Le virtuel serait-il une porte nous faisant entrer progressivement dans des mondes et identitées paralleles en nous habituant progressivement au monde de la simulation et des avatars ? Ces avatars qui, soient dit en passant, symbolisent les multiples incarnations de Vishnous.

Mais le propre du virtuel ou du parallèle, c’est l’absence de rencontres. Plus souvent qu’autrement, la rencontre ne se fait pas dans ces univers comme lorsque nous nous vivons dans des existences parallèles avec l’autre ou notre inconscient.

C’est pour cela que le chaos est alors nécessaire, soit ces chocs inattendus ou ces synchronicités qui obligent à la rencontre et à la nécessité d’étendre notre conversation avec le monde.

Les nouveaux mondes

Nous avons terminé d’explorer la surface de la terre, mais il reste encore beaucoup à découvrir au coeur de nous memes. Des scientifiques ouvriront la porte peut-être un jour à ces espaces.

Il semblerait que l’incursion du virtuel nous habitue progressivement à la réalité des univers parallèles qui sera peut être un jour decouverts et prouvés. De futurs Christophe Colomb nous ferons alors peut-être entrer dans un monde plus vaste que celui que nous habitons présentement.

Masi les mondes dans lesquels nous entrons, tant virtuels que parallèles, auront besoin d’un langage riche et étendue pour l’habiter et préserver notre humanité.

Permettre la rencontre de nos vies parallèles, c’est tout à fait dans les cordes de la lyre d’Hermes. Et le langage mathématique, aussi riche qu’il soit, ne sera pas suffisant pour converser avec ces mondes.

Qui de mieux alors que Rimbaud nous introduire à ces mondes lorsqu’il écrit: « J’ai tendu des cordes de clocher à clocher ; des guirlandes de fenêtre à fenêtre; des chaines d’or d’étoiles à étoiles, et je danse. »

6 réflexions à propos de “ Chapitre parallèle au livre Danser avec le Chaos ”

  1. Hypathie aurait plutôt vécu vers 400 après JC et non avant. Peut-être vous a-t-on déjà exprimé l’erreur?

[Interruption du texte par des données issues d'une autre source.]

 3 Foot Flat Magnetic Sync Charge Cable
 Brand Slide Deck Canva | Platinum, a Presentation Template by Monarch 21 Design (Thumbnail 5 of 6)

    Ceci dit, votre travail est fascinant et commande tout mon respect. Ma blonde le pense aussi, elle vient de me le dire…

  2. Merci Gilles !

    Voilà, c’est corrigé et vous pouvez revenir de temps en temps car ce chapitre est en mouvement.

    Cordialement

    JFV

  3. Excellente façon d’utiliser le web !! Créer un chapitre en parallèle sur un blog permet au livre de rester ‘vivant’ et en mouvement. Un Univers d’essence ! Merci !

  4. 154 x 156 = 24024

    24024 est le quatrième nombre d’une suite mathématique liée à l’hypothèse de Riemann et au « chaos quantique ».

    14/11 La racine carré du nombre d’or !!

  5. mersea pour ton livre qui va peut-être me réveiller ! Je suis aussi dans la quarantaine et je me retrouve bien dans tes interrogations .

  6. L’ordre caché de notre conscience émerge à la lumière de l’Amour véritable et universel…

    Un brin ou une corde ! De fantaisie poétique me surprend au fil d’une lecture savoureuse.